Beeswax is a superior material for candles. Candles can be dipped without the need for additives, it smells good, it burns evenly and with light flame and it burns for a long time but above all it burns non-toxic! I’m always looking forward to the autumn when the beekeeping season is over and I can start making beeswax candles in traditional forms.

Block candles natural scented candles without additives.

All bee wax candles have a nice scent but as the pool of molten wax is larger on  block candles they give of a stronger cent. The fine honey scent from a wax candle is among the most soothing things I know, it is simply not possible feel stressed when you have a burning wax candle on the table.

Caring for a wax candle

There is not really much difference between caring of a wax candle from paraffin or stearic candle, however, since bees-wax  candles burn at higher temperatures, they need a thicker wick so it is usually best to extinguish the flame with a candle snuffer to avoid smoke.

Are beeswax candles expensive?

100% beeswax candles usually cost significantly more than candles of paraffin you can by at the big-box store so what’s the difference?
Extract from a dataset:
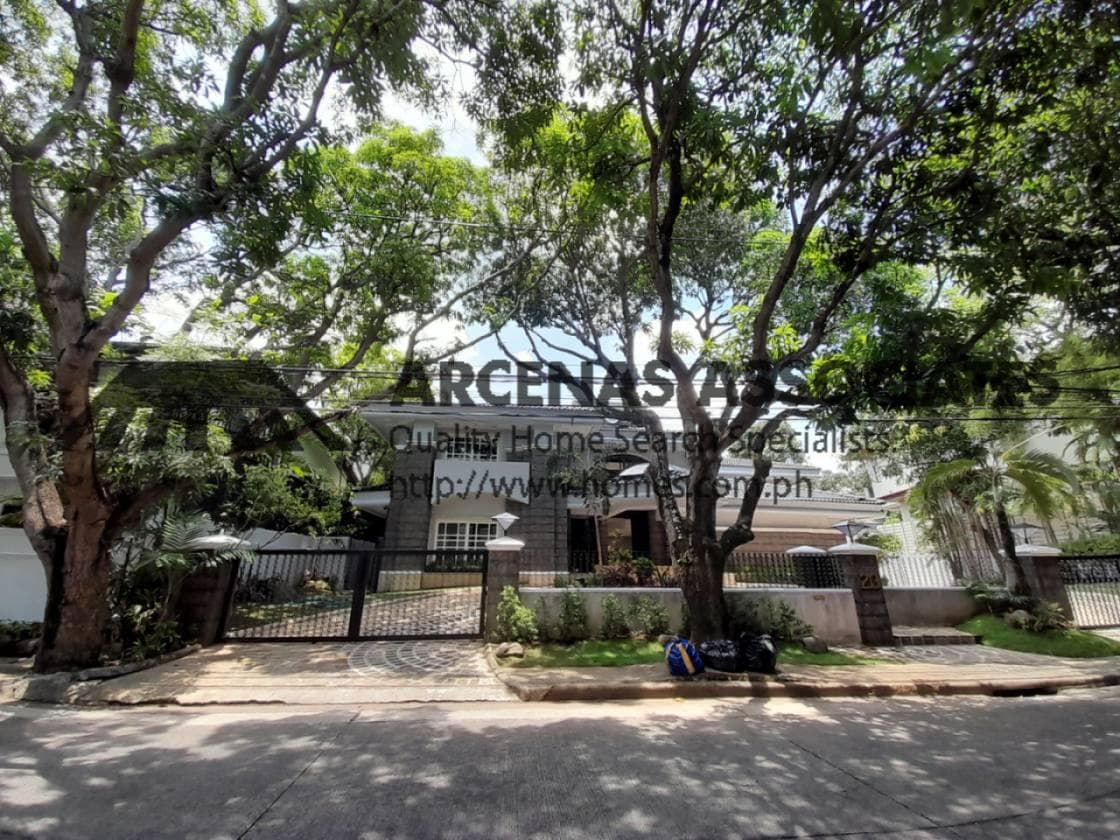 Spacious 2 Storey House - Ayala Alabang, Muntinlupa - photo 1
  • The first and larges difference is that beeswax is a non-toxic natural product. Paraffin is made of what remains at the bottom of the tank in an oil refinery when they made gasoline.
  • Beeswax candles burn longer. About twice as long as a stearic candle and 3 times as long as a paraffin candle.
  • Beeswax candles are usually hand made
  • If you compare  hand-dipped stearic candles and hand-dipped candles of 100% beeswax, the price difference is marginal as the main cost is the labor.